Joseph P. O'Neill (born July 18, 1947) is a veteran American Democratic Party strategist in Washington, D.C. He is president and CEO of Public Strategies Washington, Inc. (PSW), an independently owned public affairs firm. Former White House Press Secretary Mike McCurry is a partner at the firm.

== Personal life and education ==
Born in Boston, Massachusetts, O'Neill received his Bachelor of Arts degree in Government from Harvard College in 1969 and his Masters in Public Affairs from the Lyndon B. Johnson School of Public Affairs at the University of Texas at Austin in 1973. He served on the faculty of the LBJ School of Public Affairs from 1973 to 1975. O'Neill and his wife Linda reside in Bethesda, Maryland. They have three children, Susannah, Patrick and Kathleen.

== Career ==
O'Neill founded Public Strategies Washington, Inc. in 1991, and has worked with a number of corporations, trade associations, and government entities on a wide range of issues, including tax policy, health care, defense and financial services.

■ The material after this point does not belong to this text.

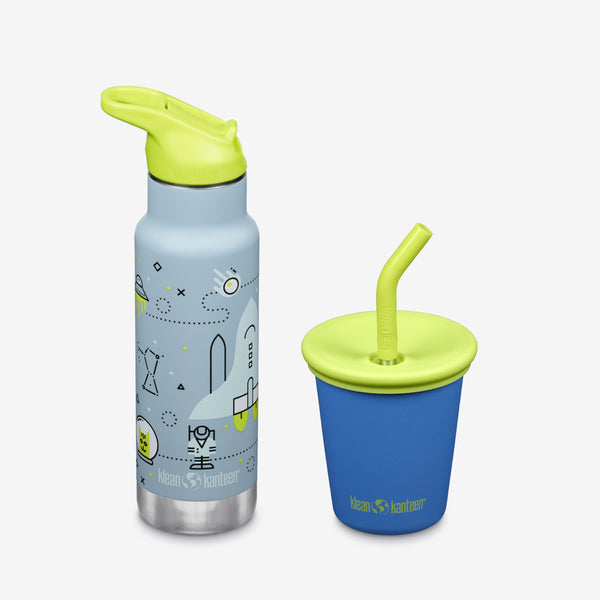 Kid’s Sippy Cup and Water Bottle Set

Prior to founding PSW, O'Neill was President of the National Retail Federation (NRF), one of the country's largest industry trade associations.

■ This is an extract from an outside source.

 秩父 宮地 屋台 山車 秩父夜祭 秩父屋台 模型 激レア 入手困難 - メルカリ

In his public career, O'Neill is most closely associated with former U.S. Senator and Treasury Secretary, Lloyd Bentsen, serving as his chief of staff in the U.S. Senate from 1980 to 1985 and as campaign manager and chief of staff for Bentsen in the Dukakis-Bentsen presidential campaign of 1988.
O'Neill also served as head of transition for Senator Bentsen subsequent to his selection by President Bill Clinton in 1992 as the country's 69th Secretary of the Treasury.

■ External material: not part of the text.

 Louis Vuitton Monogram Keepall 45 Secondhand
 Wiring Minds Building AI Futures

O'Neill was named UT Austin's 2016 Outstanding Alumnus, an award recognizing an alumnus/a of the Graduate School for academic or professional achievements since graduating from the university. O’Neill was honored at the Graduate School’s Convocation on Saturday, May 21, 2016. LBJ School Dean Angela Evans noted, “Joe has sought excellence at every step of his career and the School and the university are fortunate to have such a dedicated partner as a key leader in our alumni community. Even with such an outstanding background, Joe remains one of the most modest, kind, and service-oriented individuals with whom I have had the pleasure to work. We congratulate him on this prestigious award and well-deserved recognition.”

== Board affiliations ==
O'Neill has served on a variety of corporate boards, including serving as lead director for Dallas-based Affiliated Computer Services prior to its acquisition by Xerox for $6.4 billion in 2009. O'Neill also served on the board of CareerStaff Unlimited and serves on the boards of Supplemental Health Care Inc, T-Rex Services, and the U.S. Chamber of Commerce Foundation. O'Neill also serves as chairman of the advisory board for the Lyndon B. Johnson School of Public Affairs, which launched a Washington Center.